What to do: In the records below, the line with "Casa Dos Terracos" and every line after it must be written out exactly; no pictures belong in the result.

[Opening Input for this task section]

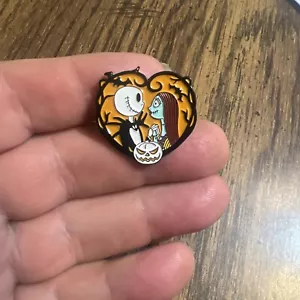 JACK AND SALLEY HEART PIN NIGHTMARE BEFORE CHRISTMAS - Picture 1 of 2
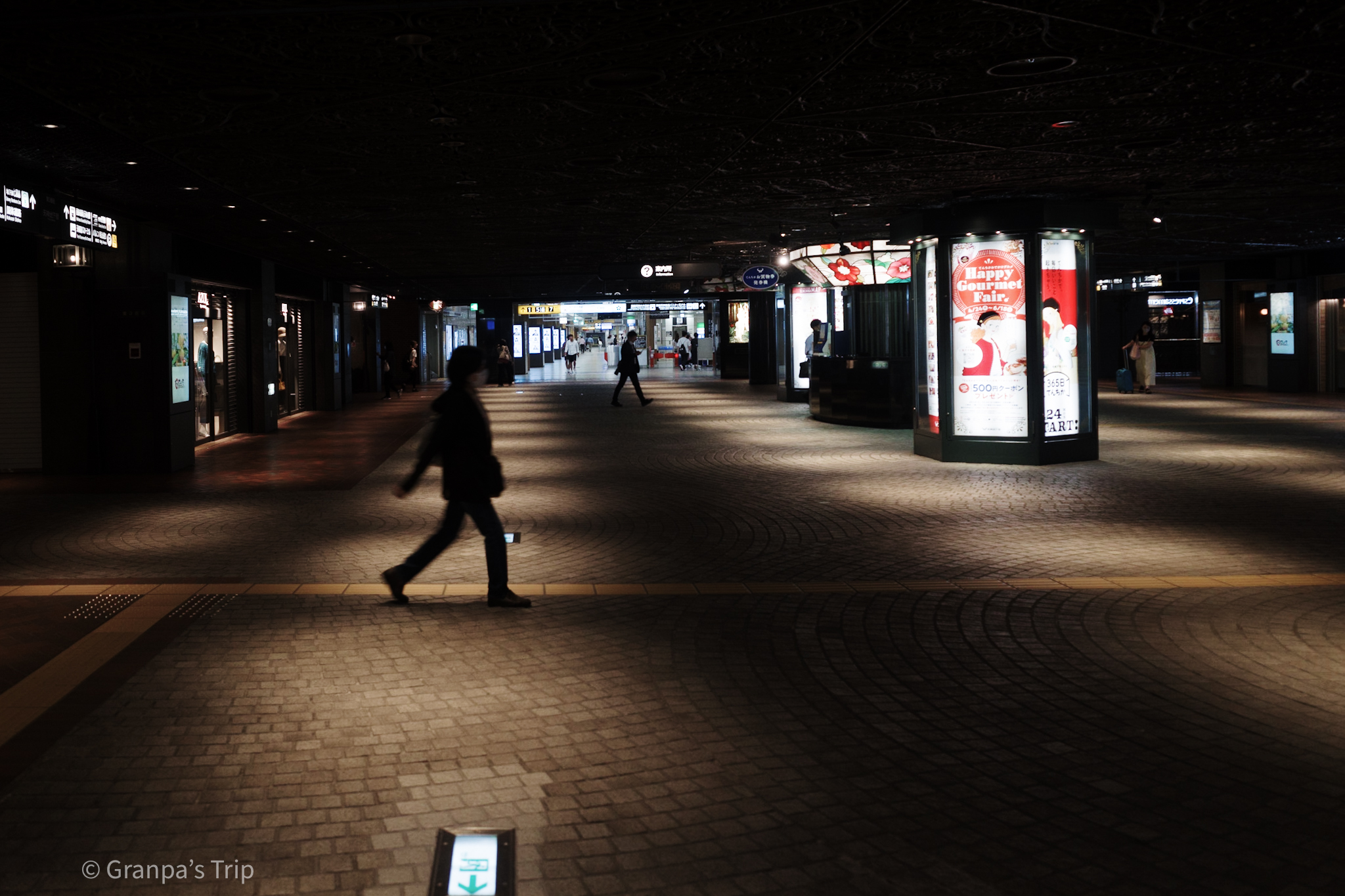 RICOH GR III f/2.8 1/50sec ISO-200 18.3mm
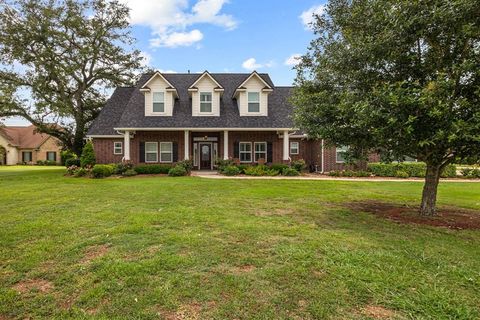 A home in Angleton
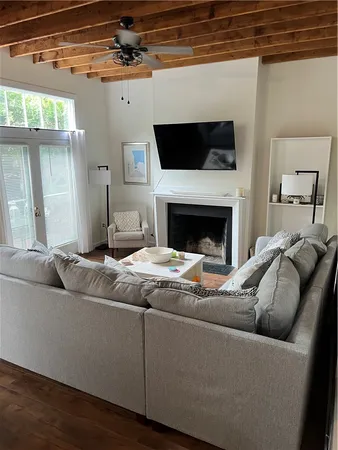 $2,650 | 45 Ayrault Street, Unit C2, Newport, RI 02840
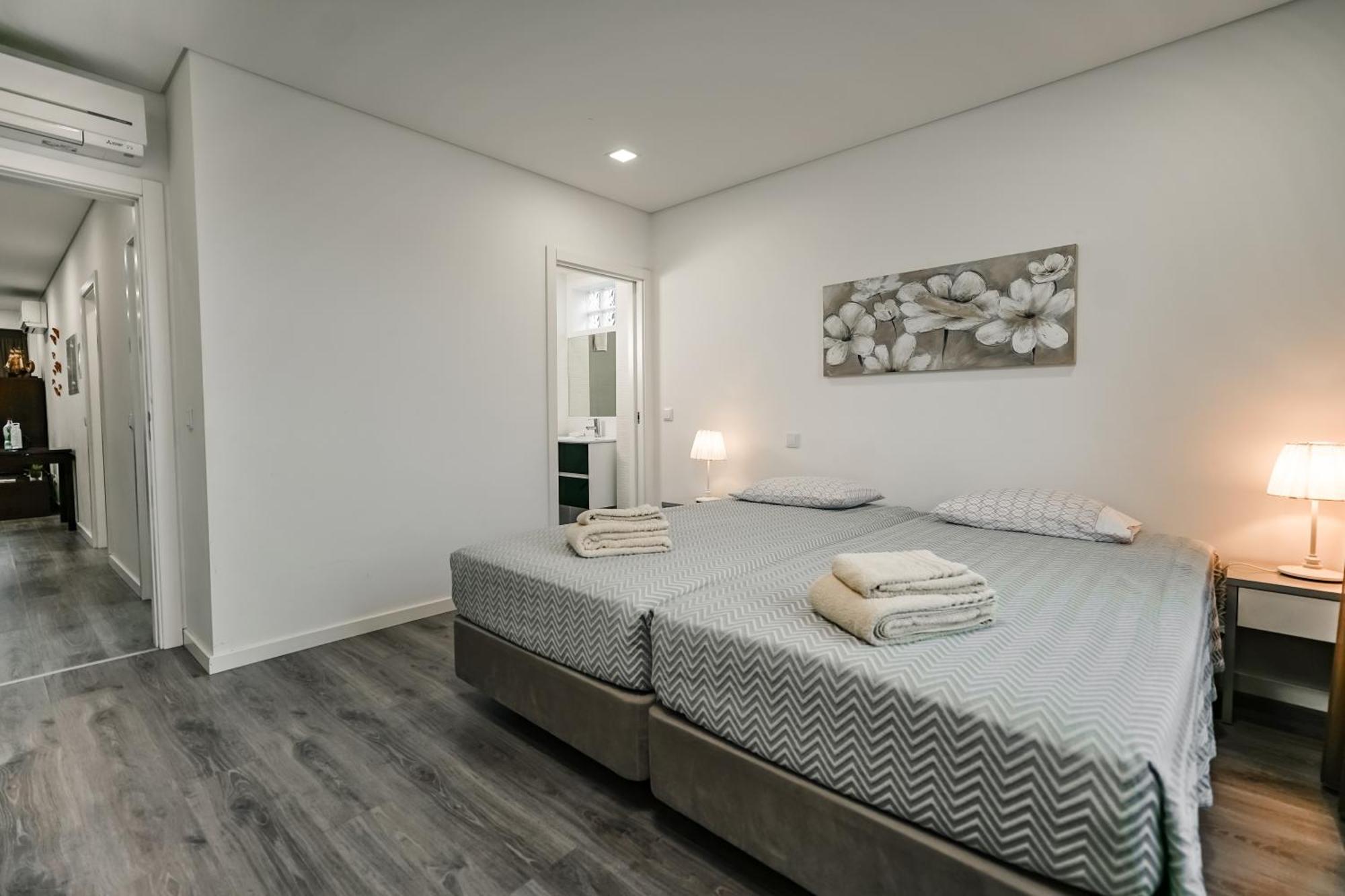 Casa Dos Terracos Apartamentos サン・マルティーニョ・ド・ポルト エクステリア 写真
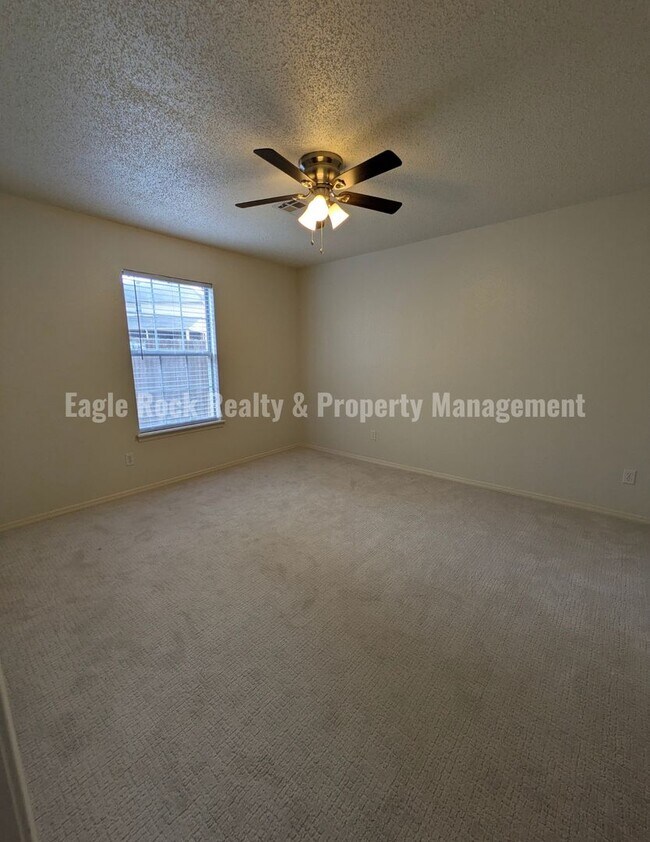 Building Photo - 1304 N Umbrella Ave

[Closing Input for this task section]

Output:
 Casa Dos Terracos Apartamentos サン・マルティーニョ・ド・ポルト エクステリア 写真
 Building Photo - 1304 N Umbrella Ave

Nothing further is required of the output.